“我有时真恨自己不是个男儿。”祁盏面色渐冷。“若我是个男儿郎,我跟璟谰在一起,便会有男儿帮着说我风流多情;可惜我是个女儿,众人只会一起骂我是个贱人。”

“不会的。”祁元上去道:“姐姐无论如何,我们都不会跟着别人骂你的。”

祁盏牵强冲着祁元一笑,“那如今你懂我的决定了么?”

祁元答:“你要解蛊么?”

“先不要着急。”祁苍打断。“我还未说最重要的一点。解蛊需得跟你同血用胞的人。”

众人看向祁祜。

祁祜墨眸瞪大。

“故而我说危险。”祁苍艰难道:“解蛊的话,必须要跟你同胞的血来化开。但这个血还不能相斥,有的同胞血是相斥的。我得先看看你们的血是否相融。

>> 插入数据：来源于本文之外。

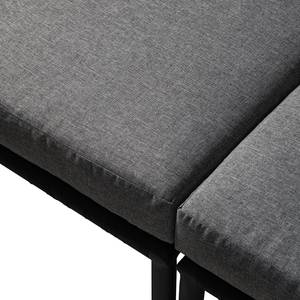 Loungeset Koozy (2-teilig) Stahl / Polyester - Grau / Schwarz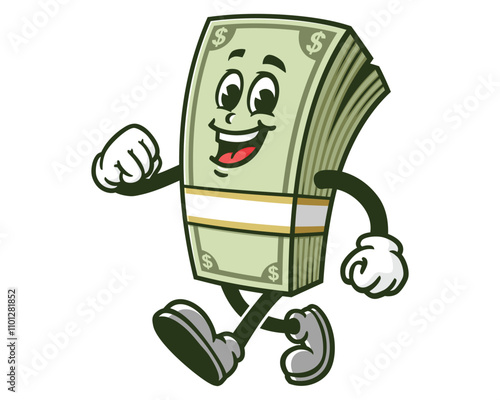 Walking Money Cash,  Cartoon Character Mascot Illustration Vector Clip-art Hand-drawn Logo Design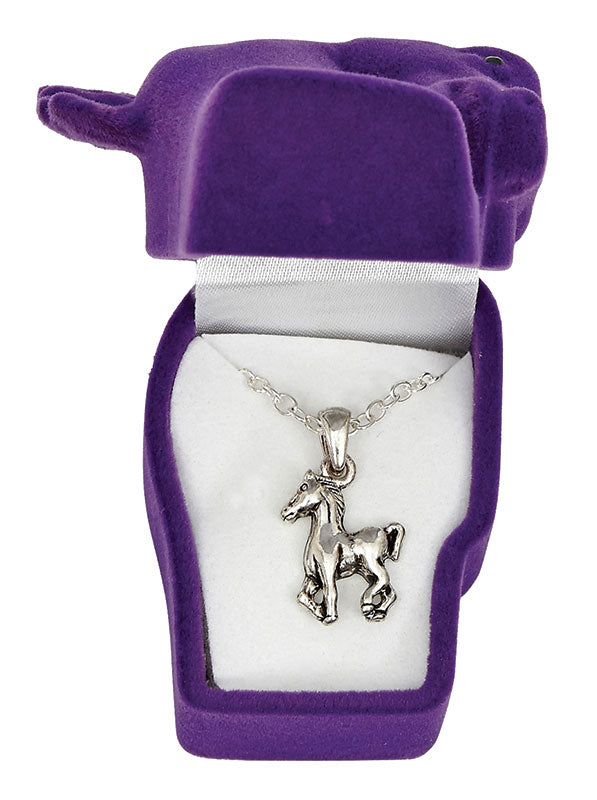 HN-6 - Prancing Pony Necklace in blue Pony Head Gift Box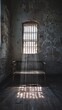 A solitary bed stands in a decaying room, its form highlighted by sunbeams piercing through a barred window, capturing a sense of forgotten stories.
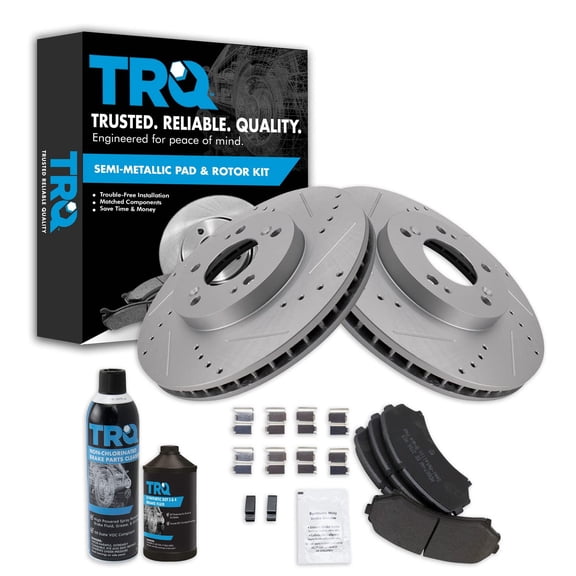 TRQ Front Semi Metallic Brake Pad, Performance Rotor Kit for Mitsubishi Endeavor BKA21427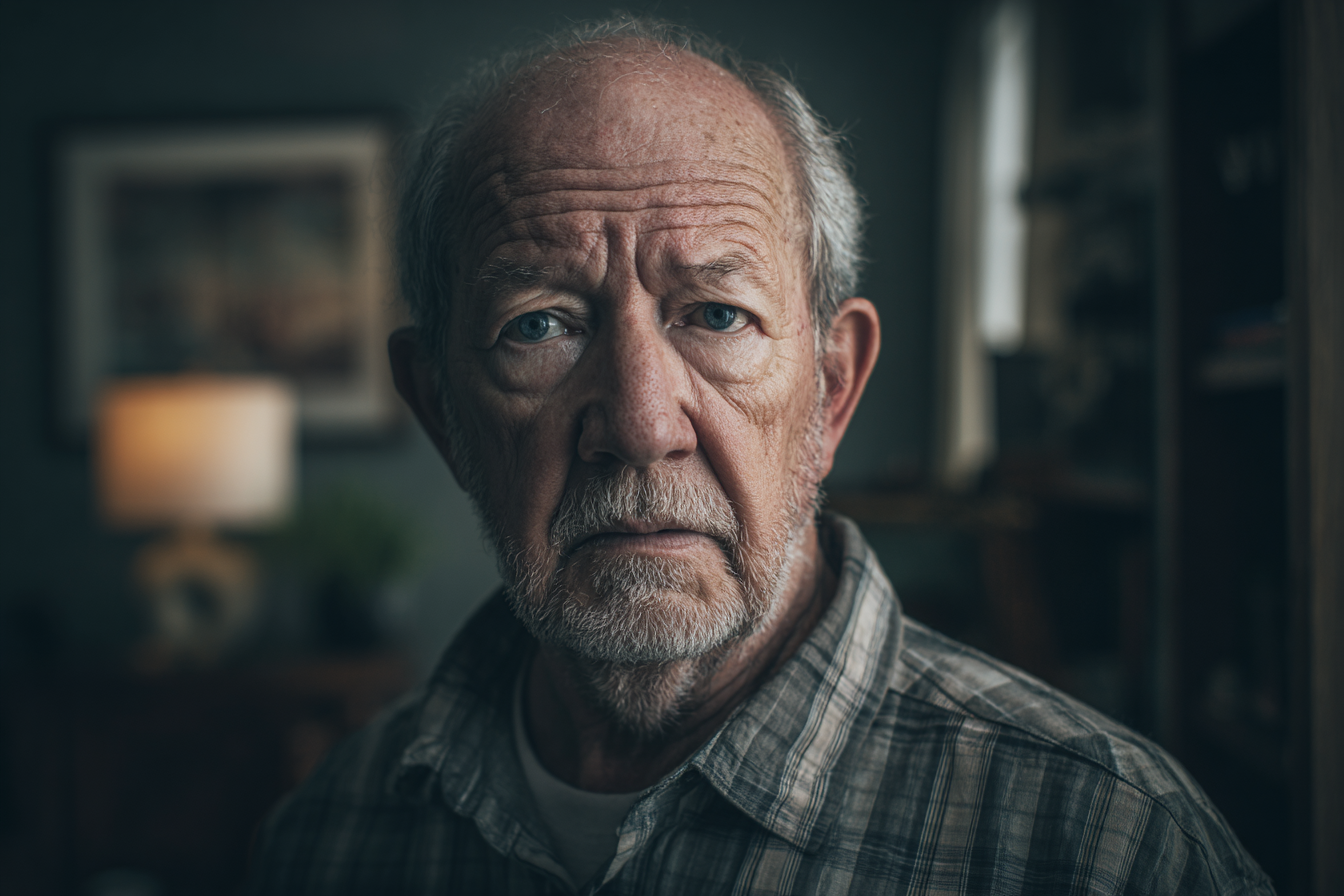 An older man looking straight ahead | Source: no source
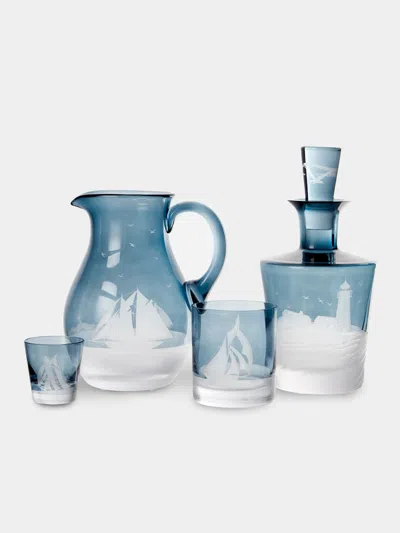 Artel Golden Age Of Yachting Hand-engraved Crystal Collection In Blue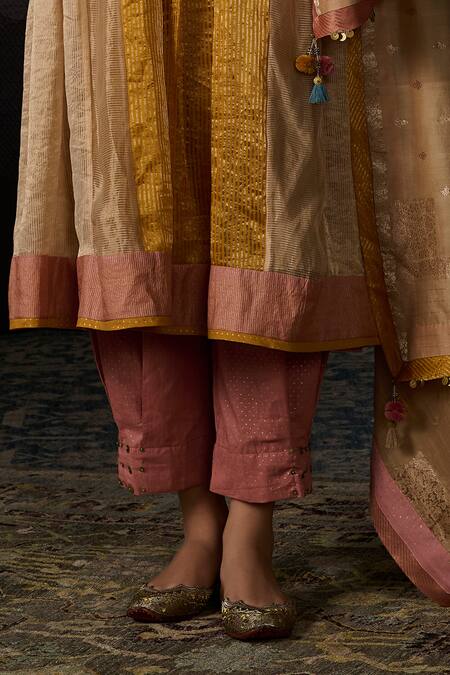 Buy_Swatti Kapoor_Yellow Round Neck Gul Stripe Woven Kurta Set _Online_at_Aza_Fashions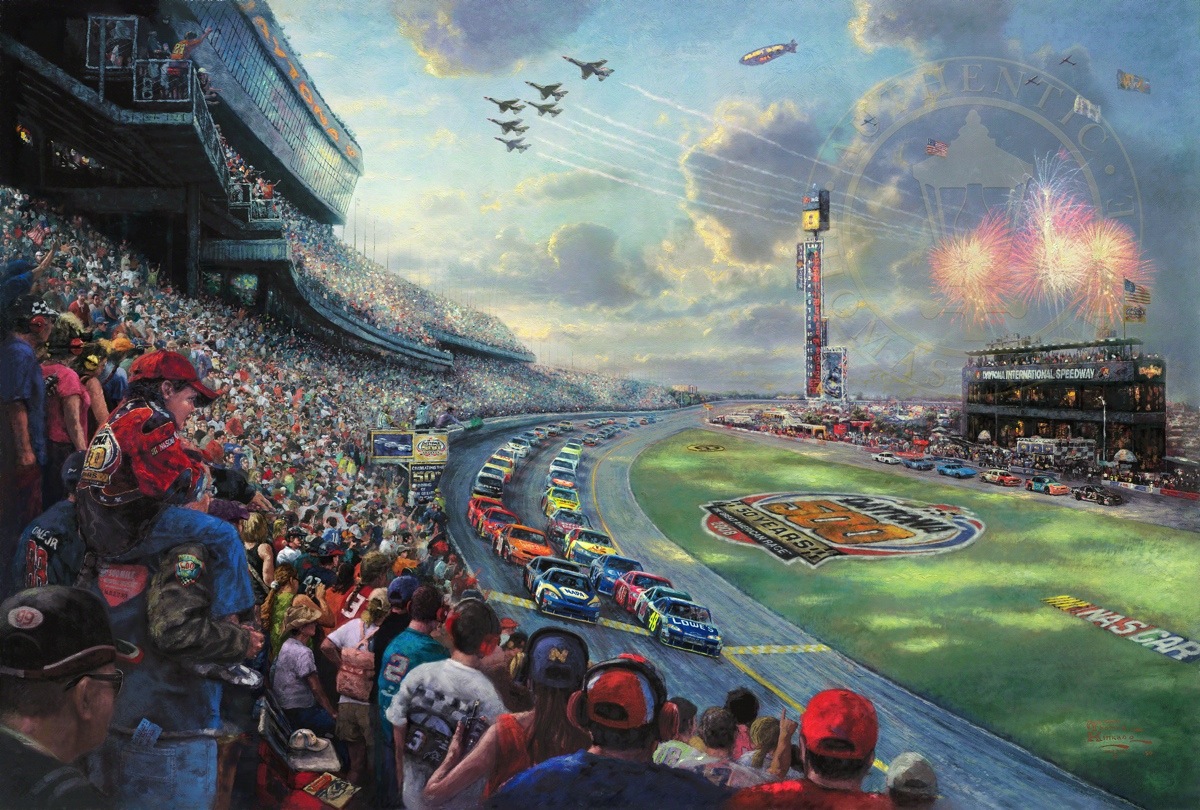 1200x810 Nascar Thunder Limited Edition Art The Thomas Kinkade Company - Thunder Painting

要把止安的血从这个管子里输进你的血液中,过程是极为危险的,得先放你三碗血,之后难免会染上些什么,你们会发几日高烧,若是能熬过去便无事,若是熬不过去……你跟止安……”

他说不下去了。

宗南初托腮道:“明白了。若儿得经历几次鬼门关,一次是放血,一次是止安给她血,最后一次是两人都会发烧。止安在给若瓷血的时候也会有危险。嗯。”

左丘琅烨傻道:“不是,非得同胞么?咱们这里就止安的命值钱啊。”

方玄剑也道:“我的血不可以么?”

“因她必须得是要同胞的血,才能融了这蛊。这蛊有异血便会溶解。若是旁人的血不跟她的血相融,她会死的。”